ZooKeys, GBIF, and GitHub: fixing Darwin Core Archives part 2

Here's another example of a Darwin Core Archive that is "broken" such that GBIF is missing some information. GBIF data set A checklist to the wasps of Peru (Hymenoptera, Aculeata) comes from Pensoft, and corresponds to the paper:
Rasmussen, C., & Asenjo, A. (2009). A checklist to the wasps of Peru (Hymenoptera, Aculeata). ZooKeys, 15(0). doi:10.3897/zookeys.15.196

As with the previous example GBIF says there are 0 georeferenced records in this dataset. This is odd, because the ZooKeys page for this article lists three supplementary files, including KML files for Google Earth. I've used one to create the image below:

GoogleEarth Image

So, clearly there is georeferenced data here. Looking at the Darwin Core Archive (which I've put on GitHub there are a bunch of issues with this data. The occurrence.txt file has decimal latitude and longitude values with a comma rather than a decimal point, the file has some character encoding issues, and the columns with latitude and longitude data are labelled as "verbatim" fields not "decimal" fields. All of this means GBIF lacks all the point data for this dataset (over 2000 records). If we fix these problems, we get a map like this:



This illustrates one problem with publishing data, namely the data is rarely checked in the same way a manuscript is. Peer-review of data is a phrase that always struck me as odd, because you only get to be able to evaluate a data set by using it. In other words, data almost demands post- rather than pre-publication review. It's only when people start trying to use the data that problems emerge.

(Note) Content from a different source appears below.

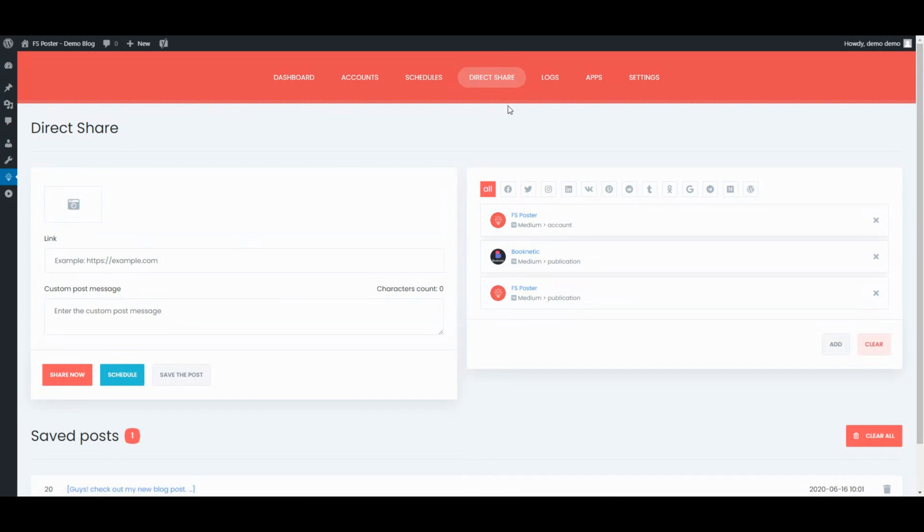The Direct Share panel is dedicated to sharing images, links, and custom messages without creating a WordPress post.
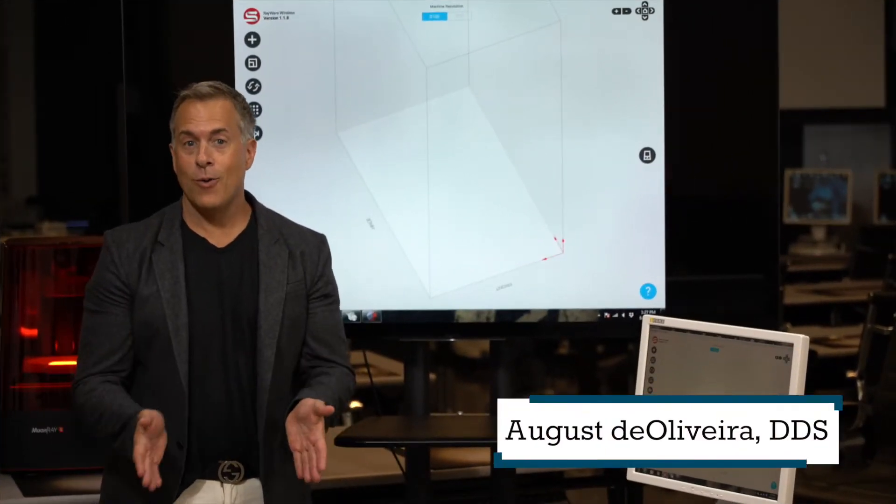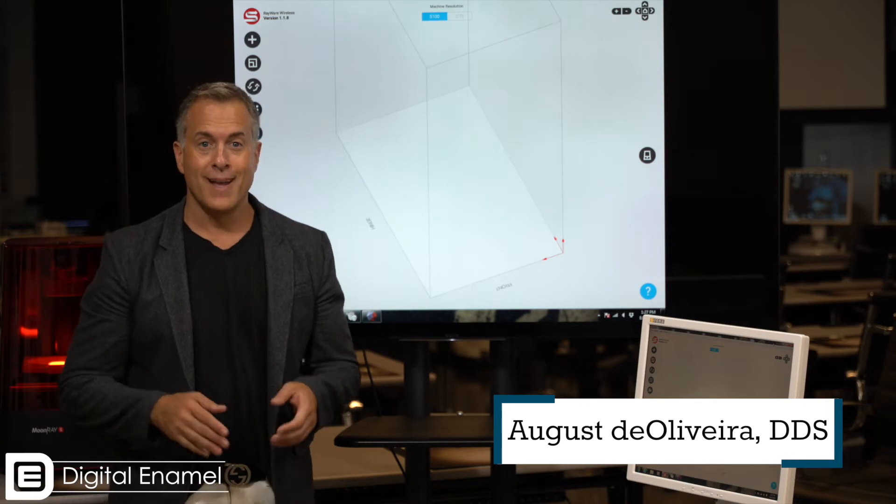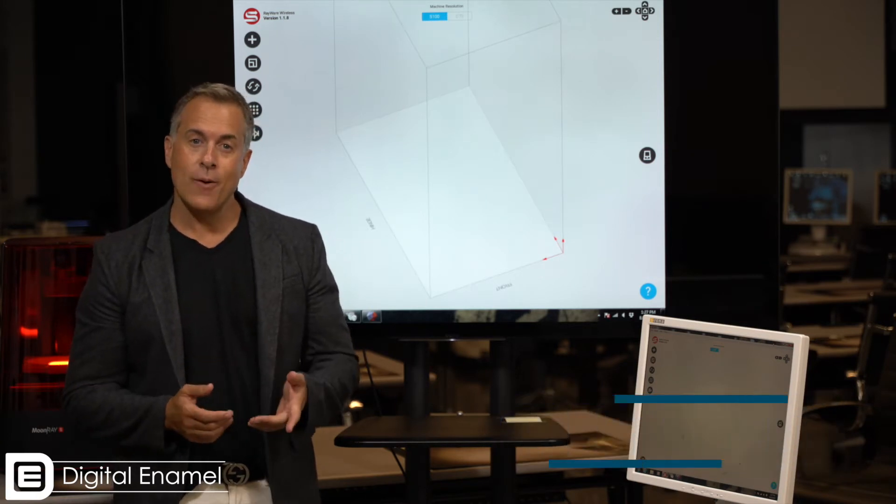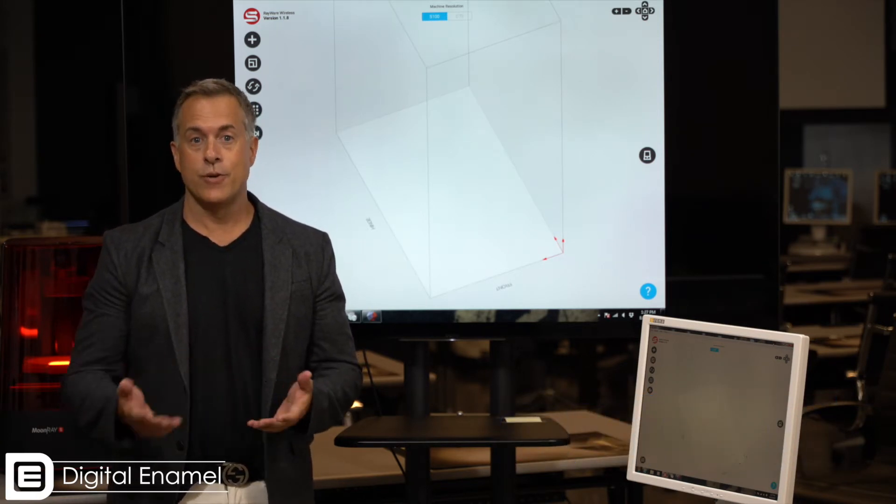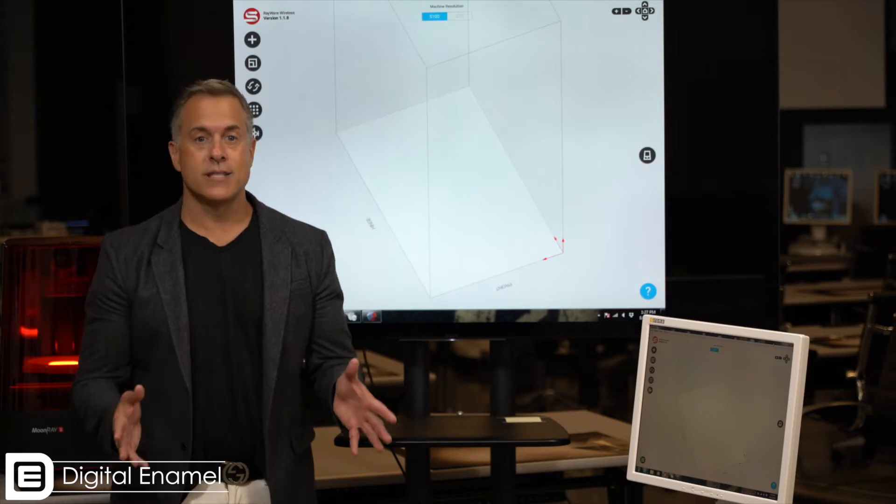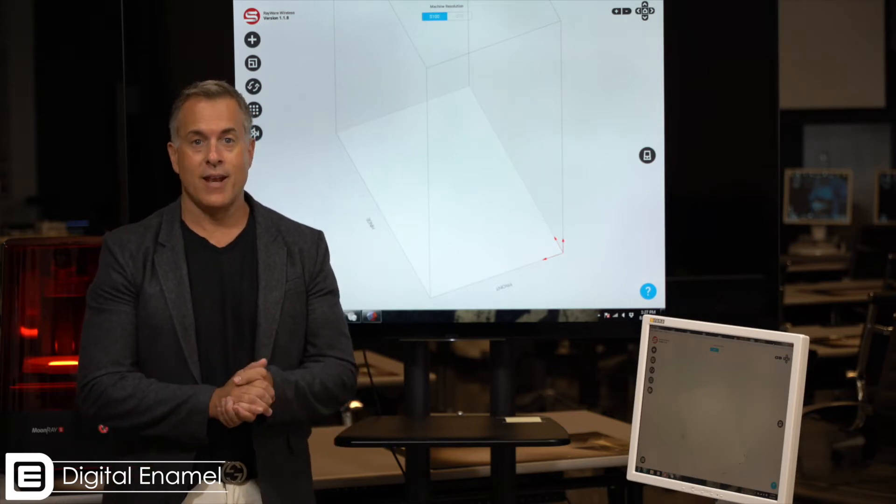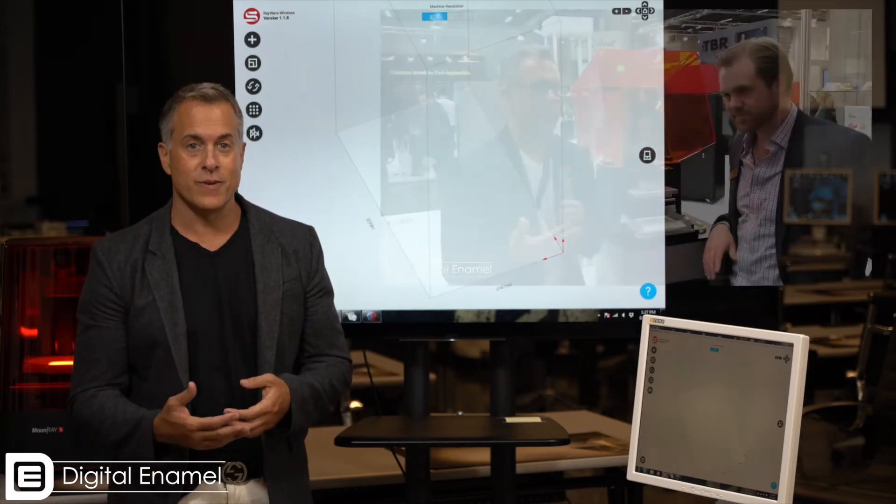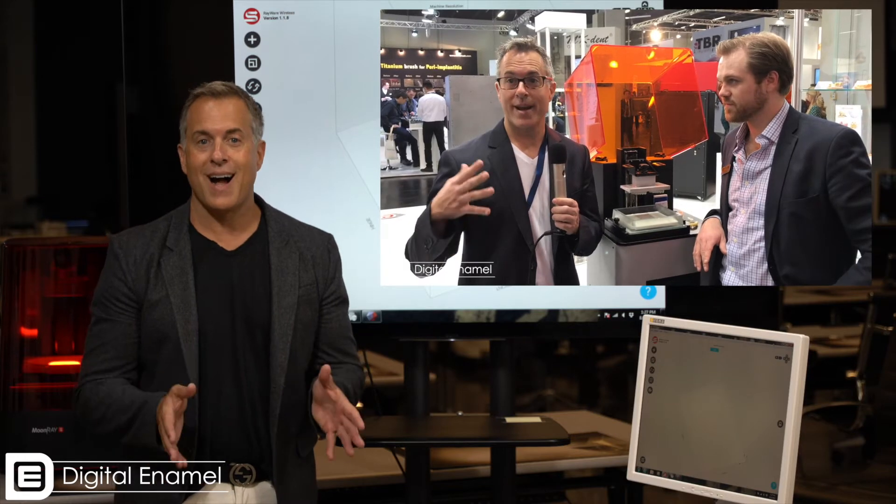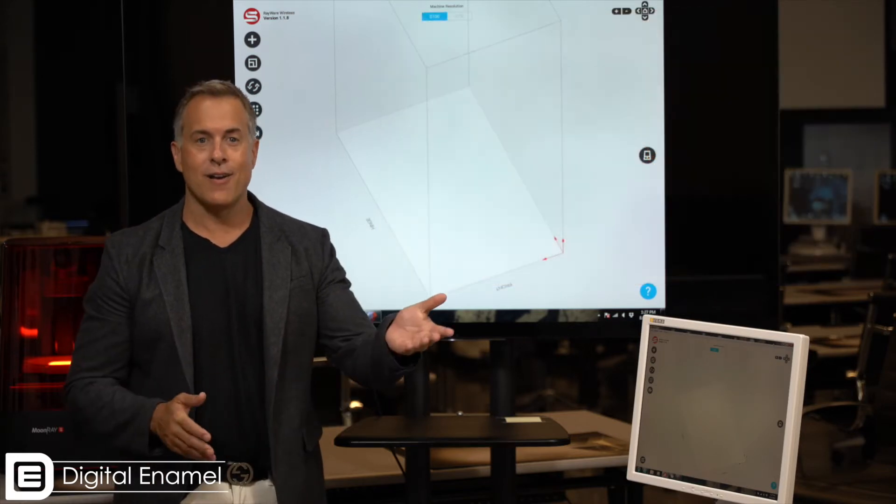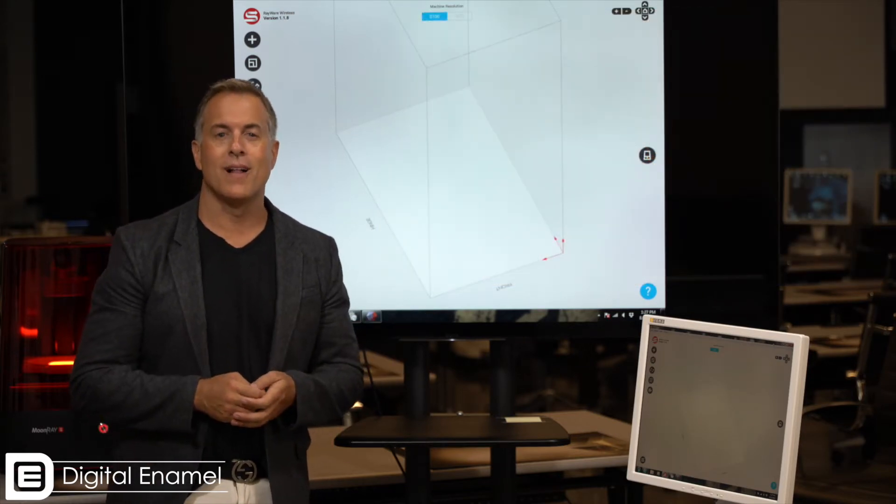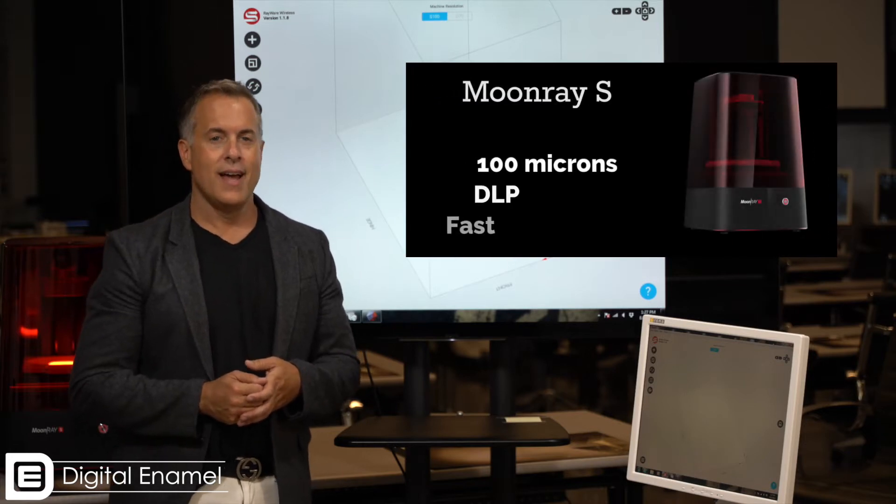Okay, so now we've exported our model. It is print ready and now we've got to go ahead and get it to the printer. There's lots of different printers on the market and you can see numerous videos we've shot at the IDS in Germany this year reviewing the different printers. But one of the printers that I just love, and Todd over here at Digital Enamel has one as well, is the MoonRay S.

At the same time, we could improve checking of data prior to publication. In the case of the Darwin Core Archives I've looked at so far, it would be easier to find the problems if we had a simple tool that could take a Darwin Core Archive, extract the information and display it in various ways. If, for example, we have georeferenced records but we don't get a map, we would immediate wonder why that was, and figure out what the problem was. At the moment it seems easy to send data to GBIF, thinking you are contributing important information, whereas in fact that information never makes it onto a GBIF map.